I’ve been testing the API on a USA full-count census file and have encountered what might be an issue related to the file size.

I first attempted to use pipes for the define_extract_usa(), submit_extract(), wait_for_extract(), download_extract(), and read_ipums_micro() calls. The data file downloaded fairly quickly, but the read_ipums_micro() call threw an exception. Subsequent troubleshooting revealed that the downloaded data file was incomplete (637,644,800 bytes compared to the expected 640,941,957). When I executed those functions as separate calls, not using pipes, the data file was complete, and the read_ipums_micro() call succeeded.
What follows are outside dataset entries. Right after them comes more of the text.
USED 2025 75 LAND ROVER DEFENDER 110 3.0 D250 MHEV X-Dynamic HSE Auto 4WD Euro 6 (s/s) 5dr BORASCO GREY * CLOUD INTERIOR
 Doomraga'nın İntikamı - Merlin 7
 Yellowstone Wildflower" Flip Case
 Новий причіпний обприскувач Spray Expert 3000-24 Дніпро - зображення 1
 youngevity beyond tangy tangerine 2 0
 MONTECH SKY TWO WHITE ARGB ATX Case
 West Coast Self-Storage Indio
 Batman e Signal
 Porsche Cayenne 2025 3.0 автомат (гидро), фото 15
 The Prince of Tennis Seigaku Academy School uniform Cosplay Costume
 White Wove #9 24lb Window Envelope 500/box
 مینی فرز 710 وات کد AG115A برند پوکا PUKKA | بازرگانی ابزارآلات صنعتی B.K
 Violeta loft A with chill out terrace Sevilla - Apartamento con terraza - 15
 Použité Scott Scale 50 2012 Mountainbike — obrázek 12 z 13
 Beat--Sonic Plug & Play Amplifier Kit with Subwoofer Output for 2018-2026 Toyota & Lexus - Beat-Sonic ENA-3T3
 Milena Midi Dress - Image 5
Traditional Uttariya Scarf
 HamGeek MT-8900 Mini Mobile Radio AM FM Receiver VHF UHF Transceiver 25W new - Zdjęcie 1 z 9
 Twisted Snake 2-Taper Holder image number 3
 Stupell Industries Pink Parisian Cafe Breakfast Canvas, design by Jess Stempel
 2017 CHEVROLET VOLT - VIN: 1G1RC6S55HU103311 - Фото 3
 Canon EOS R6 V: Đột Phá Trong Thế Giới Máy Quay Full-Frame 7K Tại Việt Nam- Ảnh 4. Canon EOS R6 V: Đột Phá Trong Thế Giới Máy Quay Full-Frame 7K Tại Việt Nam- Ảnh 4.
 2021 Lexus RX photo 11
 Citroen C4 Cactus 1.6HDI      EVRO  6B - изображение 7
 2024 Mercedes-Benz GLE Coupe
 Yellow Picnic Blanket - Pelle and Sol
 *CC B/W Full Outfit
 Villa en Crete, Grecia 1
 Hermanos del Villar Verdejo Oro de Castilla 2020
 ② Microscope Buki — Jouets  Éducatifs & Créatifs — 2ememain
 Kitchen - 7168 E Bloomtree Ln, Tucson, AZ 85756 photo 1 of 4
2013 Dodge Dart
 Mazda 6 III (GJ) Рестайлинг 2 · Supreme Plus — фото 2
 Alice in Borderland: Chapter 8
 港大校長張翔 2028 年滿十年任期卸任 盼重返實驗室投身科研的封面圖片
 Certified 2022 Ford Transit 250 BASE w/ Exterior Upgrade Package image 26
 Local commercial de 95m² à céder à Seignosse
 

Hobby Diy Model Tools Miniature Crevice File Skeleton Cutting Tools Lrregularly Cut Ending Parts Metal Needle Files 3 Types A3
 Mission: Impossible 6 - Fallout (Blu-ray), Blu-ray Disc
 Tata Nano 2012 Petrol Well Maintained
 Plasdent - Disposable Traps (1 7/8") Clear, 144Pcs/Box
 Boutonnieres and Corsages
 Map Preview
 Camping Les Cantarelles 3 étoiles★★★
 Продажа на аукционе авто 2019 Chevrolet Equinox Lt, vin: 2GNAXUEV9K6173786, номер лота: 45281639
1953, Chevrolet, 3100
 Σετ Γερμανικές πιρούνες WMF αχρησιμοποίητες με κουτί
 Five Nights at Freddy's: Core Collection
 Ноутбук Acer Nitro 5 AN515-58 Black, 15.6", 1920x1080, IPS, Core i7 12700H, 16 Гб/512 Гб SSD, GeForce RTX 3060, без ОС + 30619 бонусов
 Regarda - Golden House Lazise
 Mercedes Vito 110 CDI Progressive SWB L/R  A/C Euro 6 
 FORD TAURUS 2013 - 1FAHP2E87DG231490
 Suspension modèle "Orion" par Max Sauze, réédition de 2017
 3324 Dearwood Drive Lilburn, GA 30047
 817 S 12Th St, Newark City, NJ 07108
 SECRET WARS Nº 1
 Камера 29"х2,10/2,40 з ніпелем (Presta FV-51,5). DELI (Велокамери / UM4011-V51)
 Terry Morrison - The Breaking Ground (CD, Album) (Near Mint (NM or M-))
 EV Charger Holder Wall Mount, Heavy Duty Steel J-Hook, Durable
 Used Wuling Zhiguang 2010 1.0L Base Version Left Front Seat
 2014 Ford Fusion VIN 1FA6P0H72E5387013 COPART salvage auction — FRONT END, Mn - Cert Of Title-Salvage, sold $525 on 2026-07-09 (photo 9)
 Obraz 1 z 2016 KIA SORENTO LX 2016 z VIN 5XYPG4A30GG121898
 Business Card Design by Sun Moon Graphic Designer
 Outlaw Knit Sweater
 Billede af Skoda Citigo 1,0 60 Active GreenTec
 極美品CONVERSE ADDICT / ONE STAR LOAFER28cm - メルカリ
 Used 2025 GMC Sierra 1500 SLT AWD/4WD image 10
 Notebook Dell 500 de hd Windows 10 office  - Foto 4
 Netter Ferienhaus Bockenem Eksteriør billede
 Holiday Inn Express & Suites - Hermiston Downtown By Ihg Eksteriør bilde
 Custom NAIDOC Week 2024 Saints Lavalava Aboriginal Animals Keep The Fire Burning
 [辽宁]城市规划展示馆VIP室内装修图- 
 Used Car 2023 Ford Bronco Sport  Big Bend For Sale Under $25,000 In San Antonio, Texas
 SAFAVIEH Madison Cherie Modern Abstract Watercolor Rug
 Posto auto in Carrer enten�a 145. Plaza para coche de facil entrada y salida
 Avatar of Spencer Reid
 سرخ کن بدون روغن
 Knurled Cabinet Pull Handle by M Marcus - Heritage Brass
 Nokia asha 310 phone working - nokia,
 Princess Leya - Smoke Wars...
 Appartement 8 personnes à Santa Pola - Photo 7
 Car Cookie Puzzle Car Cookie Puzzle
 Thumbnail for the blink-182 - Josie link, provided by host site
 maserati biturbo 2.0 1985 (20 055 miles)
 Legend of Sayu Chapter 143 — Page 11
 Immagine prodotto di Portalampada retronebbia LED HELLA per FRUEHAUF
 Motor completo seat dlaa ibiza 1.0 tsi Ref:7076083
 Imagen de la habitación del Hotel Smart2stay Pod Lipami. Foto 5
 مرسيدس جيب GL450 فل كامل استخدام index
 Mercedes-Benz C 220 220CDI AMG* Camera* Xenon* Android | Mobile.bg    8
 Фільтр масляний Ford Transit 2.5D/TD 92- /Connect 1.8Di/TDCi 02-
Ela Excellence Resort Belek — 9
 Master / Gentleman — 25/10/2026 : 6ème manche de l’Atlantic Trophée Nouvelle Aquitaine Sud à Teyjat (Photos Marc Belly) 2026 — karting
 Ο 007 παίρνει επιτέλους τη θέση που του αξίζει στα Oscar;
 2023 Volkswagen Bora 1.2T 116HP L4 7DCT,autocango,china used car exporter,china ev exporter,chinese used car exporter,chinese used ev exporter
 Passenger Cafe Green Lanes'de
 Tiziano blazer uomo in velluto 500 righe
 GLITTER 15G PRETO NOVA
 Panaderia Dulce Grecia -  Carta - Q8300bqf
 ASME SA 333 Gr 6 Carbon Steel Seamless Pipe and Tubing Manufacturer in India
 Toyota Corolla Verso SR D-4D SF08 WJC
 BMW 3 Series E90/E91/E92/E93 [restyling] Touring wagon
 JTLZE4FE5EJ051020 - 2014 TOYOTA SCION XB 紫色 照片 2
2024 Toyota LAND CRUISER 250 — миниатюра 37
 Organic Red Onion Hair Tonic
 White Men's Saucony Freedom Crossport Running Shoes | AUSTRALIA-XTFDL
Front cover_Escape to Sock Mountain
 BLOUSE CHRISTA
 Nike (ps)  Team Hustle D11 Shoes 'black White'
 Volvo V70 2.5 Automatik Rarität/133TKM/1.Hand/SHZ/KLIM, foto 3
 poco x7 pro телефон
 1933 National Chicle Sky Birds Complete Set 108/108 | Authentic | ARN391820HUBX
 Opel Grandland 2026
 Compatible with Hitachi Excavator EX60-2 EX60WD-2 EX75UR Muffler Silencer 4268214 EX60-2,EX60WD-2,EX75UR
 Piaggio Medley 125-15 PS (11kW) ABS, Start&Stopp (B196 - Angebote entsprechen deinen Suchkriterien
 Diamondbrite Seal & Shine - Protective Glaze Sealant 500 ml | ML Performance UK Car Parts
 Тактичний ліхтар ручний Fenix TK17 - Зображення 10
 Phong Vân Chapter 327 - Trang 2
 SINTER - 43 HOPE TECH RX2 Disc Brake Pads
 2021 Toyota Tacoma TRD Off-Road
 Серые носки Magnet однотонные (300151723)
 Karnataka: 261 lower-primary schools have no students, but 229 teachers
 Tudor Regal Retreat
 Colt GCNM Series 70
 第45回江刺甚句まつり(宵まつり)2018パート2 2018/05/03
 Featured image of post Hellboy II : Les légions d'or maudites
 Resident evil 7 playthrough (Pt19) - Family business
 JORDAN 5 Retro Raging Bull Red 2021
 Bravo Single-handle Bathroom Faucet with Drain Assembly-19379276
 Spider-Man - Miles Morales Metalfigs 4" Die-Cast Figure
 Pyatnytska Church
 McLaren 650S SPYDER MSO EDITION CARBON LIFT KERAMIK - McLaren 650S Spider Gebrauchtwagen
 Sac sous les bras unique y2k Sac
I’ve only done the two trials, though (I’ve used the already-downloaded files for other tests), and it might be a coincidence that the exception occurred when using pipes, but nonetheless there is an issue. Perhaps the problem is with extract_is_completed_and_has_links(), such as if extract$download_links[[“data”]][[“url”]] is populated before the file is completely ready.

Good morning Phil! Last week another user encountered a similar issue. We believe there’s a timeout somewhere in the process that’s causing full count files to be cut off. When you say fairly quickly, what do you mean? About how long did it process before it threw the exception?

The team was still working on the issue at the close of last week. Since your incomplete file size is very close to the expected file size, it could just be coincidence that it timed out just before completing rather than specifically related to a pipe issue. But as you say, it could also be an issue with the client implementation as well. I’ll check in with both the API and API client teams so we can look at this from both perspectives and I’ll update this when we know more. Thanks!

Unfortunately I don’t have the exact timing. What I know is that the data file downloaded during the second 300-second delay, so it was roughly 610-900 seconds. A wait of more than 10 minutes but less than 15 matches the file system timestamps on the script that I had written and on the downloded file.

When I attempted to use the downloaded file, read_ipums_micro() seemed able to read through most of the file before throwing the exception. I also tried using read_ipums_micro_chunked(), printing each chunk as it was read, which confirmed that most of the file was readable.

I should clarify that the piped call to read_ipums_micro() did not throw an exception. The piped sequence of function calls failed after something like three hours because my SSH session dropped. While I was waiting for the piped sequence to complete I noticed that the data file had already been downloaded. My first thought was that perhaps read_ipums_micro() couldn’t handle so large a file, and that’s why I first tried using read_ipums_micro_chunked().

By the way, the exception that I received was:
terminate called after throwing an instance of ‘Rcpp::exception’
what(): Could not close file
Aborted (core dumped)

Thanks for notifying us of this issue, Phil. Can you share your code, or at least the details of the extract you had download issues with, so I can try to reproduce the error?

The extract that I had trouble with is USA extract 11 for my account.

The code that I used to create and download it was:

library(tidyverse)
library(ipumsr)
samples <- c("us1850c")
variables <- c("SERIAL","COUNTYICP","GQ","LINE","PERNUM","FAMUNIT","SEX","AGE","MARRINYR","RACE","RACED","BPL","SCHOOL","LIT","OCC1950","REALPROP","BLIND","DEAF","IDIOTIC","INSANE","HISTID","PAUPER","CRIME","URBAN","STATEICP")
usa_1850 <-
  define_extract_usa(
    "USA 1850 full count",
    samples,
    variables
  ) %>%
    submit_extract() %>%
    wait_for_extract() %>%
    download_extract() %>%
    read_ipums_micro()

Thanks for sharing this code, Phil! I was able to run the code successfully the two times I tried it, so I suspect that the error you received was due to connectivity issues that prevented the full data file from being downloaded. However, if you continue to get similar errors only when running the code in pipes, let us know and we can continue troubleshooting – it could also be some difference between my machine and yours that explains why the code worked for me.

If the issue was connectivity, it would be ideal for the download_extract() function to throw an error indicating that the download has failed, so that users are not surprised when they can’t read in a (partially) downloaded file. I will consult with the API team to see if there are ways we could detect connectivity issues and inform users in this way.